Numeric type literal syntax

Pull request

Table of contents

Problem

We want to establish a syntax for fixed-size scalar number types. These types include the two’s complement signed integer, the unsigned integer, and the floating-point number.

As these types are pervasive throughout the language, our goal here is to align on a terse, convenient, yet understandable, and ergonomic syntax to the author.

Background

For developer convenience, names are given to number types that map to native machine register widths. These sizes typically include 8-bit, 16-bit, 32-bit, 64-bit, and, more recently, 128-bit widths.

For example, in C++11+, integer types such as int8_t (8-bit two’s complement signed integer type) and uint16_t (16-bit unsigned integer type) exist, among similar types for 32- and 64-bit values. Correspondingly, you have the i8 and u16 (among others) scalar integer types in Rust. And in Swift, the Int8 and UInt16 (among others) integer value types.

In each case, the intent is to provide a clear and pragmatic syntax.

Additional discussion around this proposal’s background can be found in #543.

Proposal

We introduce a simple keyword-like syntax of iN, uN, and fN for two’s complement integers, unsigned integers, and floating-point numbers, respectively. Where N can be a positive multiple of 8, including the common power-of-two sizes (for example, N = 8, 16, 32). We think of these as “type literals” just like 7 is a “numeric literal.” This structure follows the successful precedent set by Rust and LLVM development communities and potentially saves 40% or more on characters required compared to other options such as IntN (for example, i16 versus Int16). While bit sizes greater than 128-bits will be well-supported, some operations like division will not be available on these large sizes.

Non-goals

  • This does not address any considerations around the bool type
  • This does not provide a formal plan for the shape or mapping of the underlying types (#767 comments)
  • This does not prescribe an official grammar for parsing these types
  • This proposal does not address other, non-multiple of 8 bit sizes, such as those used in a bit field

Details

Syntax

The syntax for a two’s complement signed integer, the unsigned integer, and the floating-point number corresponds to a lowercase ‘i’, ‘u’, or ‘f’ character, respectively, indicating the type followed by a numeric value specifying the width.

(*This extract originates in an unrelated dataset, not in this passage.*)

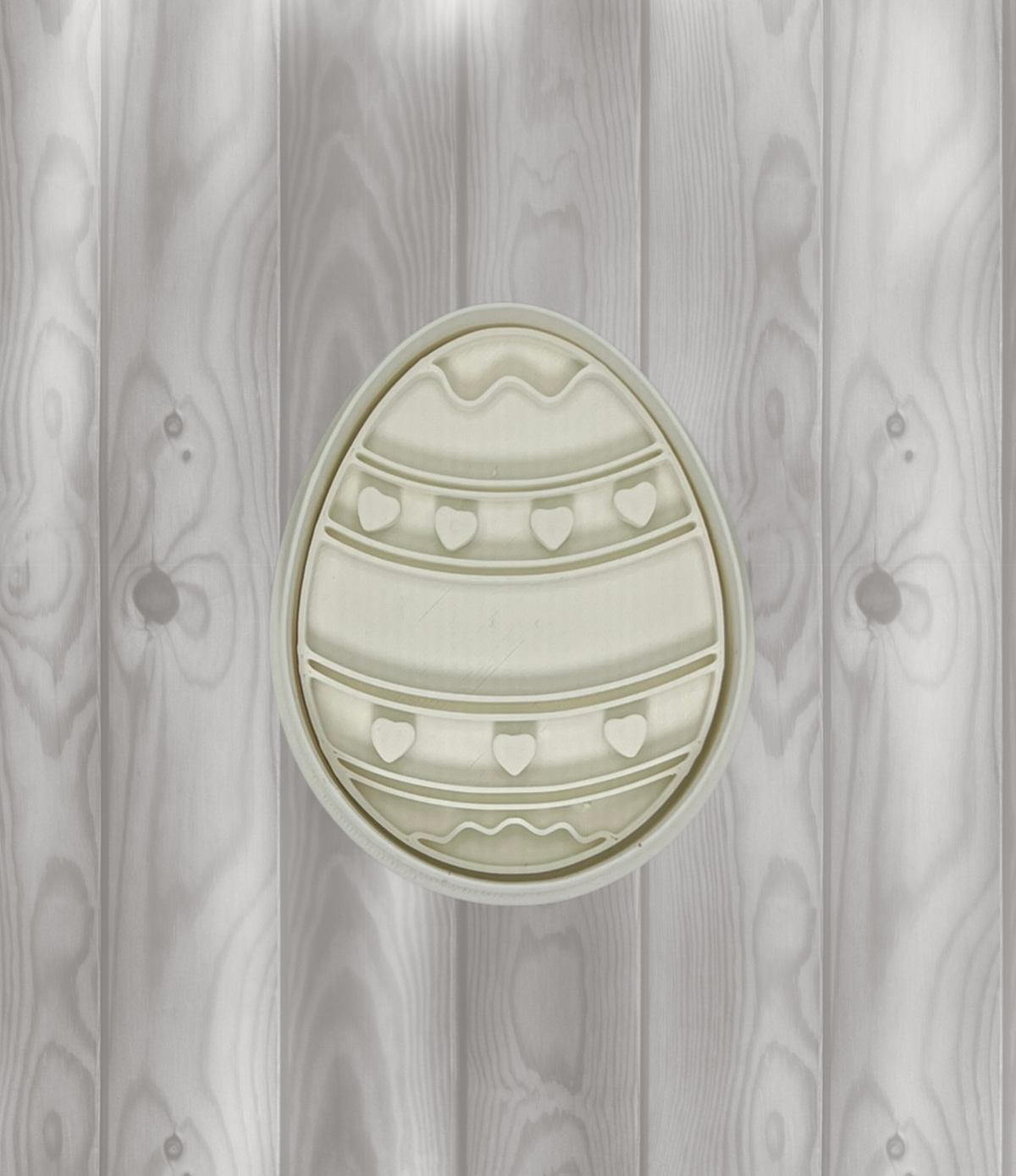 Cookie Ausstecher Ostern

As a regular expression, this can be illustrated as:

([iuf])([1-9][0-9]*)

Capture group 1 indicates either an ‘i’ for a two’s complement signed integer type, a ‘u’ for an unsigned integer type, or an ‘f’ for an IEEE-754 binary floating-point number type. Capture group 2 specifies the width in bits. Note that this bit width is restricted to a multiple of 8.

Examples of this syntax include:

  • i16 - A 16-bit two’s complement signed integer type
  • u32 - A 32-bit unsigned integer type
  • f64 - A 64-bit IEEE-754 binary floating-point number type

Usage

package sample api;

fn Sum(x: i32, y: i32) -> i32 {
  return x + y;
}

fn Main() -> i32 {
  return Sum(4, 2);
}

In the above example, Sum has parameters x and y, each of which is typed as a 32-bit two’s complement signed integer. Main then returns the output of Sum as a 32-bit two’s complement signed integer.

Rationale

Following Carbon’s goal to facilitate “Code that is easy to read, understand, and write”, an explicit goal is to provide excellent ergonomics.

Highlighting relevant aspects of this from the project goals:

  • Carbon should not use symbols that are difficult to type, see, or differentiate from similar symbols in commonly used contexts.
  • Syntax should be easily parsed and scanned by any human in any development environment, not just a machine or a human aided by semantic hints from an IDE.
  • Explicitness must be balanced against conciseness, as verbosity and ceremony add cognitive overhead for the reader, while explicitness reduces the amount of outside context the reader must have or assume.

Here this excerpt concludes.